Legends of Novus – FUNdaMENTAL games – First Impressions

The Legends of Novus from FunDaMental Games is one of those strange games where the theme, the promise of adventure, and the components make you fear that you’re about to be embroiled in a quest with the complexity of Mage Knight proportions.

It talks a big game here, there are counters and decks of cards, a map with various locations to visit, and actions that will take you exploring or battling or finding equipment to help level up your character and complete your quest.

It all looks like there’s going to be a need to watch playthrough videos. You’re going to have to bring in the Rodney or the Rahdo to help you figure things out.
You might possibly end up putting it to one side and playing Scythe instead. It’s potentially that kind of a game, where you feel like the brain is going to be burning after 10 minutes of decisions. There will be analysis paralysis and tears. Swearing at your own ineptitude and all to the sound of a constant flickering rule book.

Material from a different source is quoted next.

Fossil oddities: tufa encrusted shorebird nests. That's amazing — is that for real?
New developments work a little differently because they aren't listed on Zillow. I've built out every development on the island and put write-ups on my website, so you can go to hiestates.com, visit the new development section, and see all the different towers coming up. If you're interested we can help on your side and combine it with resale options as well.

But. It’s not really that kind of game. It’s more like the kind of game where someone looked at Mage Knight, thought ‘aye right soldier..’ and decided to take a much more simple route. Maybe it’s actually meant to be called Legends of Novice instead. Maybe I just noticed that and decided to see if I could write it into this First Thoughts piece? Who knows..?

The main rules and actions for LoN are on two pages of the rule book. You can pretty much play the main game by just following that and avoid any kind of brain burning. Game play itself is very straightforward. You have a hero, you have a huge character sheet that has spaces on it to add in equipment cards. As you gain equipment, you’ll place them on the sheet in a grid formation that represents yourself. You also have spaces for skills as well. As you gain skills, you’ll add them to the skills section of the sheet. Interestingly, you might also gain some curses as well which can also take the spaces for your skills. So curses can effect your abilities as you travel, and you can change in new skills as you grow and learn, thus increasing you chances of survival. 

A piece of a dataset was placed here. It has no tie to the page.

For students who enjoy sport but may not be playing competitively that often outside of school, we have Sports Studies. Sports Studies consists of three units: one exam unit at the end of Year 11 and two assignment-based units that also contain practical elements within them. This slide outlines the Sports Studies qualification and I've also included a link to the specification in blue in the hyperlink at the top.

It’s a fairly neat take on allowing to to keep a track of everything you have to work with. No need to tuck cards away, or forget the skills you have access to in your hand, it’s all there in front of you to remember and utilise. It adds considerable size to the playing area you’ll need on the table in a four player game, but it also add to the overall epic-ness of what you are faced with.

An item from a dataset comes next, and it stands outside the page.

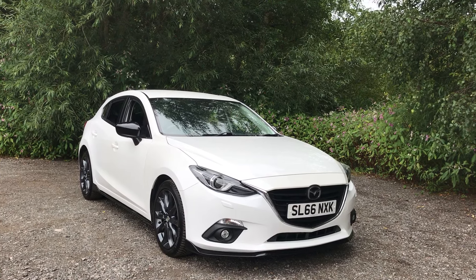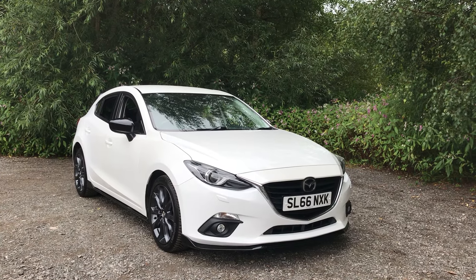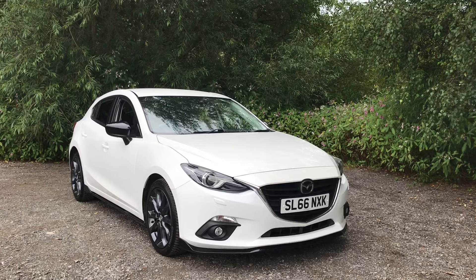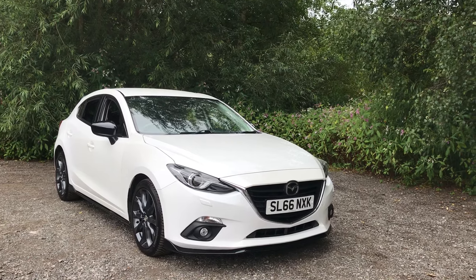Hello and welcome to Mouselow Car Centre. Today I'm pleased to offer this 2016 66-plate Mazda3 Skyactiv Sport Black Edition. Having had two owners from new and covered 42,000 miles, the vehicle comes with features including satellite navigation, heated front seats, and cruise control.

The aim of the game is straightforward, gain 25 experience points, kick the butts of a couple of the really big monsters and take part in the some of the quests in order to be known as the Legend of Novus. To do this, you’ll need to travel around the map exploring areas and facing toe to toe with some bad guys, collecting equipment and even level up to a more advanced state of yourself. It’s all straightforward when things are going well, but even when things aren’t going your way, you’ll never be terribly punished, you’ll never die, but you’ll maybe lose equipment and gold.  In many ways Novus wants to be EPIC but keep things simple, almost as if it want to be the game that you can set up and play and learn within the first 30 minutes of opening the box. 

It’s also fun, and not very taxing on the brain but has a large enough character roster with differing skill sets to make you want to take a couple of trips around the island of Novus before you might want to go anywhere else. The only thing that troubles me is the reliance of randomness in order to decide the progress of your journey, and at some points rolling badly means some frustration or some delay on where you want to go. This might be enough to put some people off entirely but it’s worth persevering with, as it’s more about slowing you down than pushing you back, and no situation will ever signal a game over.

At the beginning you might find yourself running away from fights more than you’ll find going toe to toe, but by the time your into the flow of your game, and have your armour and equipment to a high enough level, most of the enemies should fall to the wayside in your quest to become a Legend of Novus. 

Wesley should be proud of what he has brought to the table, and if you are wanting something chewy instead of something crunchy, then Legends of Novus is certainly worthwhile checking out.

We were provided with a prototype copy of the game that may differ from the final project. We’d like to thank Wes for sending us the copy to play through.